A team of academics say that large numbers of masons working on Edinburgh’s New Town in the 18th and 19th centuries developed silicosis, a killer lung condition that is caused by the prolonged inhalation of crystalline silica dust.

Stonemasons at work on the Scott Monument in the 1840s. Picture: Capital Collections

Stonemasons at work on the Scott Monument in the 1840s. Picture: Capital Collections

Masons building the Scott Monument, for example, were found to have worked on blocks of sandstone while confined to sheds so that work could be carried out in all weathers. These sheds, however, had next to no ventilation, with only the most rudimentary respiratory apparatus - if any at all - available to the stonemasons.

The men, many of whom grew heavy beards and moustaches in a somewhat futile bid to filter the deadly dust, worked long hours carving and shaping sandstone from quarries such as Craigleith. The famous quarry had a high quartz sandstone, the chiselled dust of which could lead to “silico-tuberculosis” or silicosis when breathed in, causing hardening and scarring to lung tissue.

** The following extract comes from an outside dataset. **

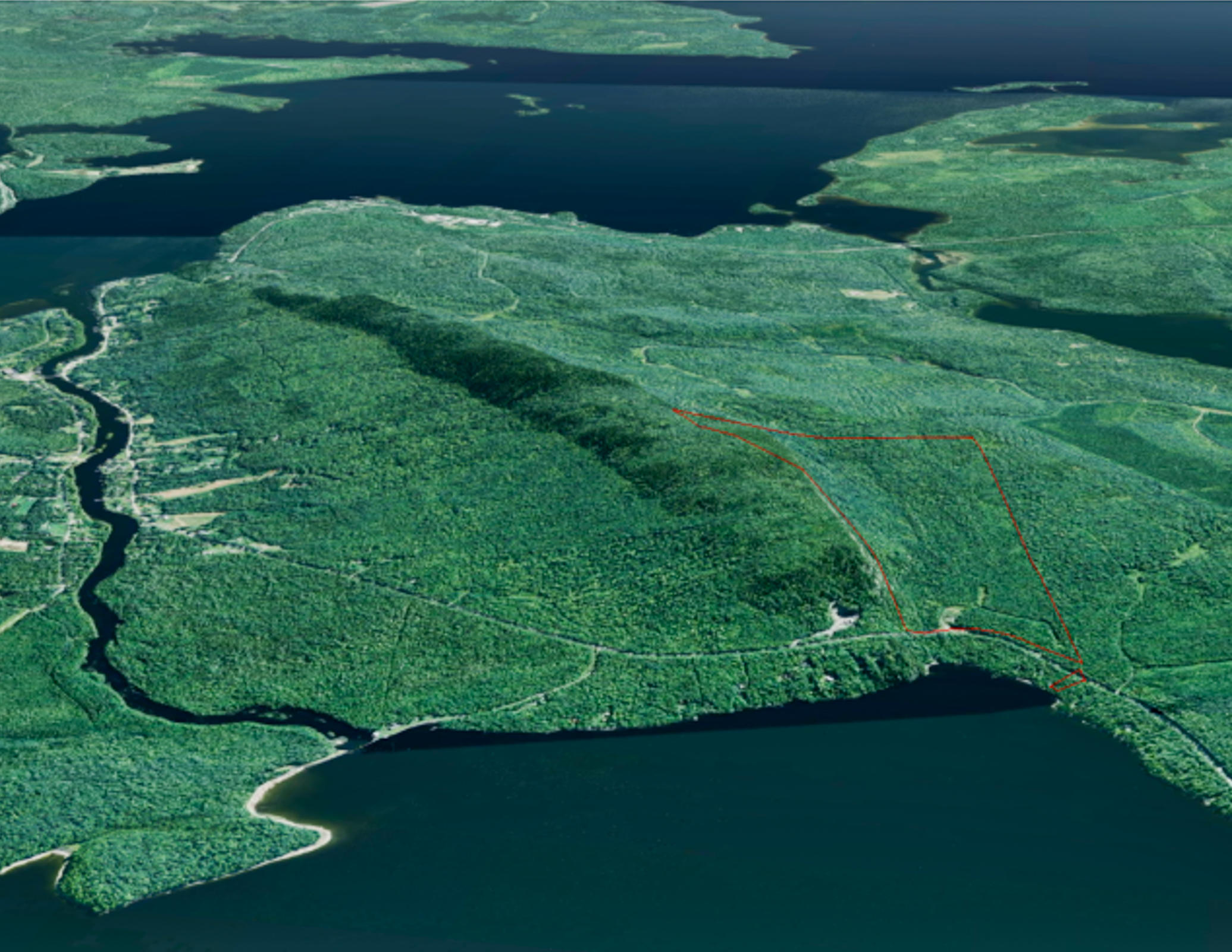 Brassua Lake Views 219 +/ Acres Maine Land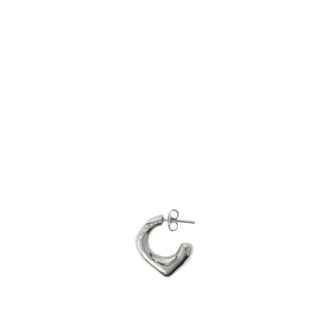 Sunnei Single Gemetalliseerde Oorbel - Dames - Oorbellen - Grijs - ONE Size - Accessoires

It’s estimated that as many as 23 of the 70 stonemasons who worked on the Scott Monument in the 1840s died as result of contracting silicosis.

And further research reveals that between 1872 and 1911, a shockingly high number (46.1%) of stonemasons died from tuberculosis compared to just 13.4 per cent of men over the age of 20 working in other professions.

The frightening data is revealed in full in a new paper: Edinburgh’s hidden story of stonemasons’ silicosis.

One of the four academics working on the paper was Prof Ken Donaldson, senior research fellow at the Surgeons’ Hall Museum, who told the BBC: “There is a weight of evidence from contemporary sources which makes a persuasive case that this is a forgotten occupational health disaster.

“I think the one that really shocked me was the Scott Monument, there were huge of blocks of sandstone that needed shaped and it was mostly getting done in sheds to keep out the wind and rain.

“People just don’t know about the unintended consequences of building this beautiful city.”

Prof Donaldson added: “These figures are really the tip of the iceberg. I think hundreds of stonemasons will have died from silicosis while building the New Town.”